I use to have a serious problem falling asleep at night. My mind would not shut off. I would think about things that had happened and how I should have handled them better and I would think about things that are going to happens and what I need to do to handle them. I would be up to 3 am trying to sleep but unable to.
I was ruminating! Meaning I was chewing my thoughts over and over like a cow does when eating. For the most part I don't do this anymore. But I read this article which talked about it so clearly that I wanted to share it. What really stood out for me was when the author says thinking about past events is linked to depression and thinking about future events is linked to anxiety. This made total sense but I never thought about my thoughts that way.
One of the reasons we ruminate is because of the ego voice in our head. The voice telling that we should have been better, smart, more capable and that some how my reviewing our past 'failings' or planning ahead endlessly we will be able to be 'perfect' and deal whatever it is we are dwelling on from the past or dreading in the future will be avoided. But it doesn't work that way. Overthinking and critizing ourselves never solved anything.

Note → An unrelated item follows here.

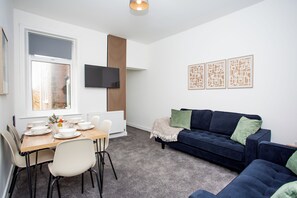 Smart TV - Massive 4 bedroom property, great transport links, free wifi (Seaham)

For me I was able to quite these thoughts when I resolved the root cause of my anxiety which was a belief that I wan't good enough. My mind is still over active at night. Planning all the things I want to do. But I am not ruminating. And for the most part if I give my mind soemthing else to think about then I can fall asleep. I end up listenning to audiobooks over and over again as it gives my brain something to focus on but because I know the story as I have listened to it at least once before prior to listening to it a bedtime I am not exicted about the story and therefore my brain can focus on it and at the same time not engage. This works for me and I am usually asleep within 20 minutes. This beats being up to 3 am!
I love information. I love to read articles and to learn more. On this blog I will be sharing articles I find insightful and helpful with regards to stress, anxiety, loneliness and other related feelings. Occasionally I might even right an article myself. I hope you find these posts helpful.